CHOP Activates UPR^mt in A. hydrophila-Infected Macrophages

Excessive mtROS induces proteotoxic stress and in turn, mitochondria trigger mitochondrial-UPR (UPR^mt) to maintain proteostasis (42, 43). The supra-normal levels of mtROS encouraged us to study UPR^mt in A. hydrophila pathogenesis. hspd1 encodes for the mitochondrial chaperone, HSP60 which is a marker for UPR^mt (44). At the onset, HKM were infected with A. hydrophila and hspd1 expression monitored at indicated time point p.i. The RT-qPCR data demonstrated maximum fold change in hspd1 expression at 6 h p.i. and was selected for subsequent studies (Figure S2B).

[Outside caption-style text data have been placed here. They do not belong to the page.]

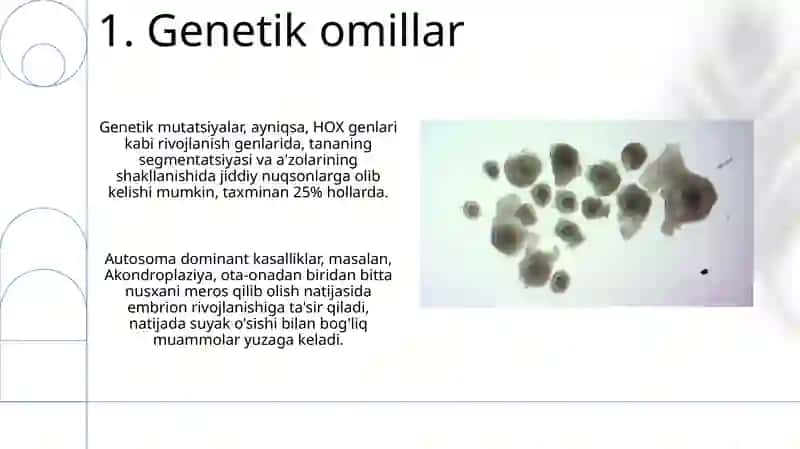 Embriogenezga taʼsir etuvchi salbiy omillar 3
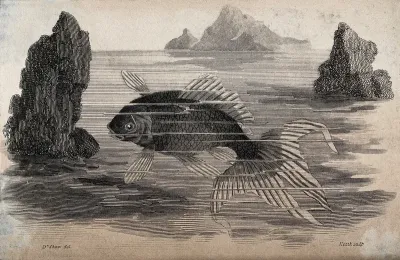 A fish swimming between the rocks in the sea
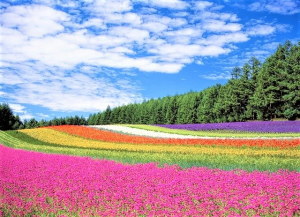 各種膠原病・血管炎・リウマチ性疾患・その他の自己免疫疾患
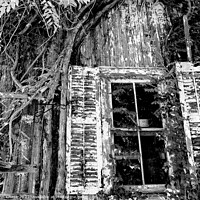 Buy canvas prints of Overgrown Shed and Window by John Chase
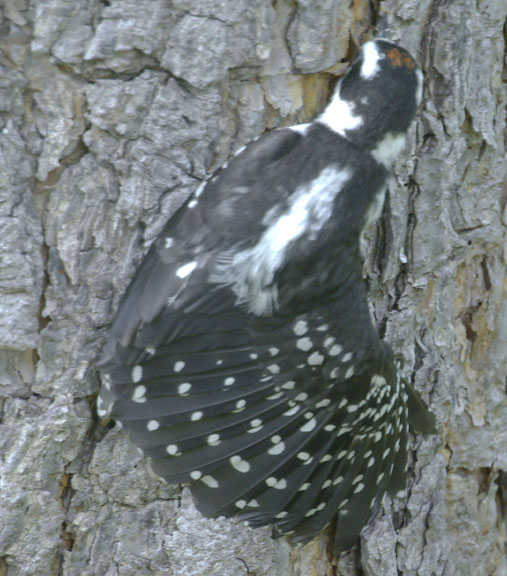 Hairy woodpecker (female)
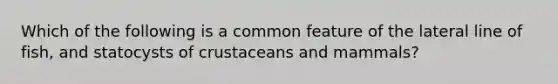 Which of the following is a common feature of the lateral line of fish, and statocysts of crustaceans and mammals?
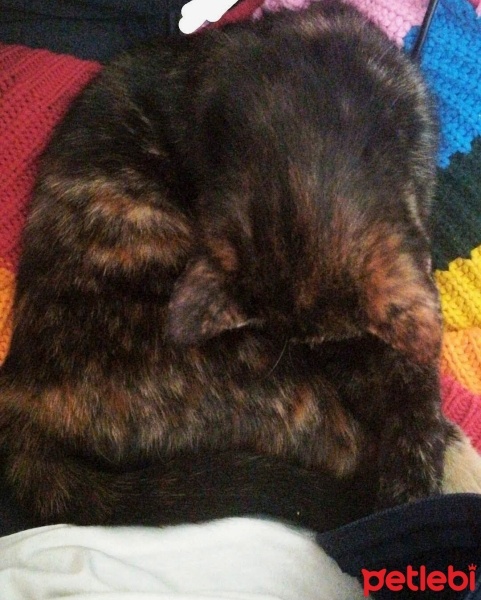 Tekir Kedi, Kedi  Karamel fotoğrafı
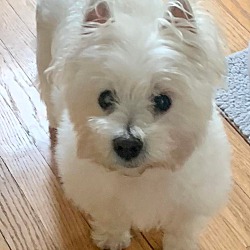Photo of Nila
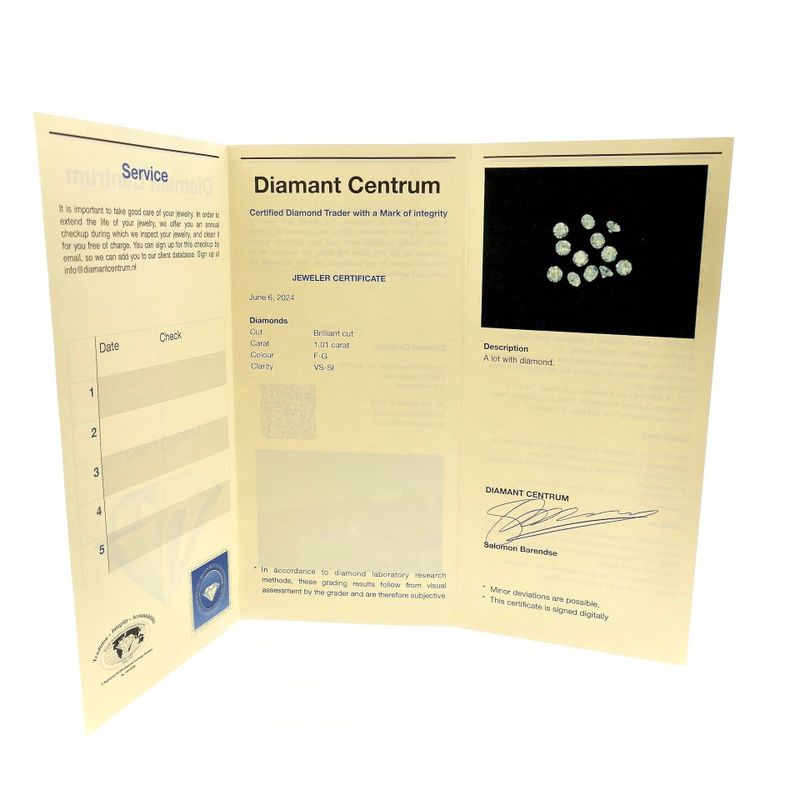 Image 5 of Set 1.01 ct. Brilliant-cut Natural Diamonds; Color F/G Quality; VS-SI + Quality Report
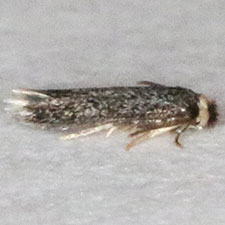 Stigmella castaneaefoliella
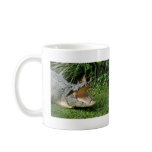 Crocodile Mugs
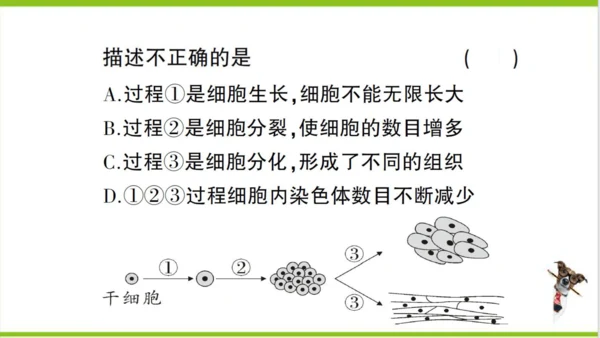 【掌控课堂-创优作业】人教版生物七(上)第二单元 第二章 细胞怎样构成生物体总结训练 (课件版)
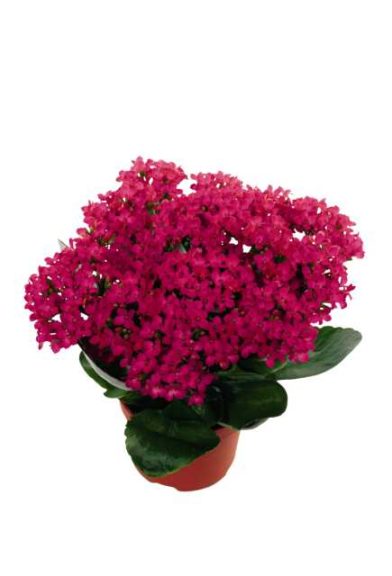 Kalanchoe ‘Calanday Bromo’ (Dümmen Orange)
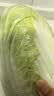 【霜打菜】翡翠褶大白菜1.2kg 实拍图
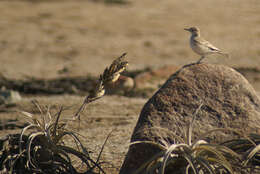 Geositta peruviana Lafresnaye 1847的圖片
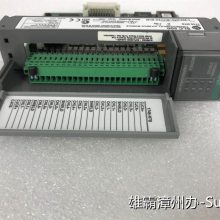 AB ģ�鹩Ӧ 1747-ACNR15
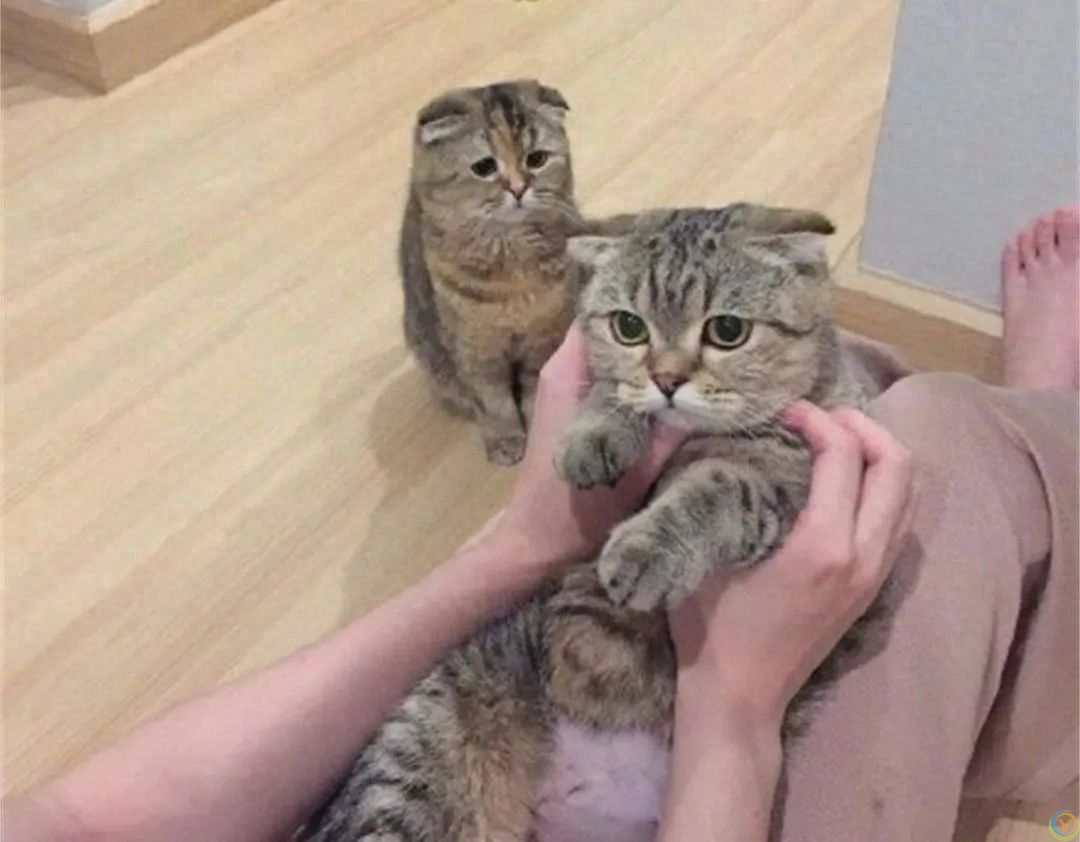 过来人告诉你，养&ldquo;一只猫&rdquo;和&ldquo;养两只猫&rdquo;，区别竟然这么大！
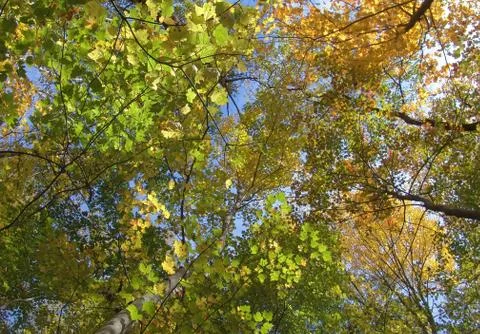 Autumn forest Stock Photos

Besides imparting apoptosis, CHOP also plays a role in initiating UPR^mt (45). To study the link between chop and UPR^mt in A. hydrophila pathogenesis, HKM were transfected with chop-siRNA and hspd1 expression monitored at 6 h p.i. We noticed a significant reduction in hspd1 expression in chop-knockdown HKM (Figure 4C) implicating the role of CHOP in inducing UPR^mt in A. hydrophila infection.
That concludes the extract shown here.